Manasseh was 12 years old when he began to rule, and he ruled for 55 years in Jerusalem.
He did what the LORD considered evil by copying the disgusting things done by the nations that the LORD had forced out of the Israelites' way.
He rebuilt the illegal places of worship that his father Hezekiah had torn down. He set up altars dedicated to other gods--the Baals--and made a pole dedicated to the goddess Asherah as King Ahab of Israel had done. Manasseh, like Ahab, worshiped and served the entire army of heaven.
He built altars in the LORD's temple, where the LORD had said, "My name will be in Jerusalem forever."
In the two courtyards of the LORD's temple, he built altars for the entire army of heaven.
He burned his son as a sacrifice in the valley of Ben Hinnom, consulted fortunetellers, cast evil spells, practiced witchcraft, and appointed [royal] mediums and psychics. He did many things that made the LORD furious.

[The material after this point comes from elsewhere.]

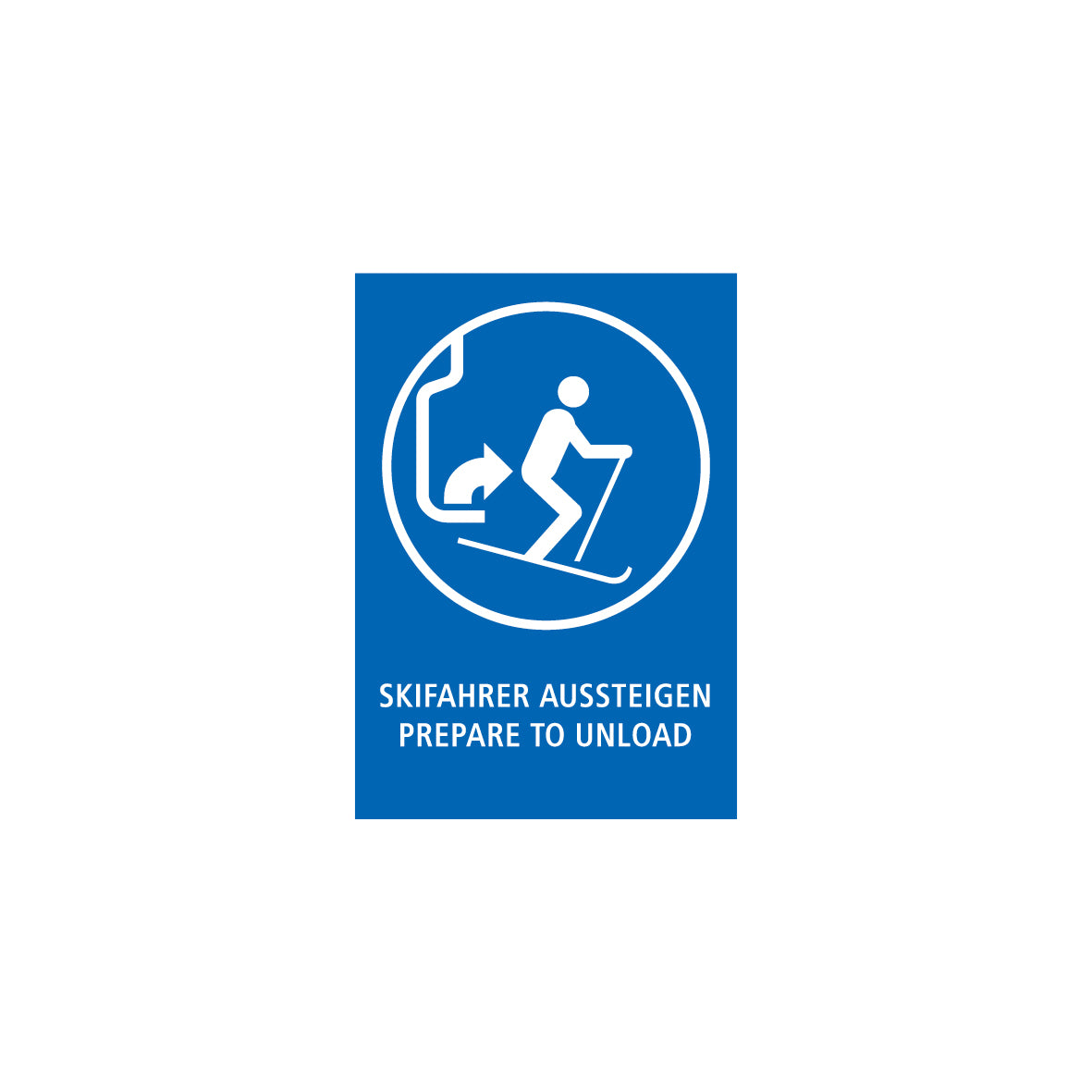 Pisten- und Anlagemarkierungen nach Ö-Norm, 1.0217, Skifahrer aussteigen, 50/70 cm, Alu Composite 3 mm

Manasseh had a carved idol made. Then he set it up in God's temple, where God had said to David and his son Solomon, "I have chosen this temple and Jerusalem from all the tribes of Israel. I will put my name here forever.
I will never again remove Israel from the land that I set aside for their ancestors if they will obey all the commands, all the teachings, the ordinances, and the regulations [I gave] through Moses."
Manasseh misled Judah and the inhabitants of Jerusalem so that they did more evil things than the nations that the LORD had destroyed when the Israelites arrived in the land.
When the LORD spoke to Manasseh and his people, they wouldn't even pay attention.
So the LORD made the army commanders of the king of Assyria invade Judah. They took Manasseh captive, put a hook in his nose, put him in bronze shackles, and brought him to Babylon.
When he experienced this distress, he begged the LORD his God to be kind and humbled himself in front of the God of his ancestors.
He prayed to the LORD, and the LORD accepted his prayer and listened to his request. The LORD brought him back to his kingdom in Jerusalem. Then Manasseh knew that the LORD is God.
After this, Manasseh rebuilt the outer wall of the City of David from west of Gihon Spring in the valley to the entrance of Fish Gate. He made the wall go around the Ophel, and he built it very high. He put army commanders in every fortified city in Judah.
Manasseh got rid of the foreign gods and the idol in the LORD's temple. He got rid of the altars he had built in the temple on the LORD's mountain and in Jerusalem.
He built the LORD's altar and sacrificed fellowship offerings and thank offerings on it. And he told Judah to serve the LORD God of Israel.
The people continued to sacrifice at the illegal places of worship, but they sacrificed only to the LORD their God.
Everything else about Manasseh--including his prayer to his God and the words that the seers spoke to him in the name of the LORD God of Israel--are in the records of the kings of Israel.
His prayer and how God accepted it are written in the records of Hozai. The things he did before he humbled himself are also written there. This includes all his sins and unfaithfulness and the places where he built illegal worship sites and set up idols and poles dedicated to the goddess Asherah.
Manasseh lay down in death with his ancestors. They buried him in his own palace. His son Amon succeeded him as king.
Amon was 22 years old when he began to rule, and he ruled for 2 years in Jerusalem.
He did what the LORD considered evil, as his father Manasseh had done. Amon sacrificed to all the idols his father Manasseh had made, and he worshiped them.
He didn't humble himself in front of the LORD as his father Manasseh had humbled himself. Instead, Amon continued to sin.
His officials plotted against him and killed him in his palace.
Then the people of the land killed everyone who had plotted against King Amon. They made his son Josiah king in his place.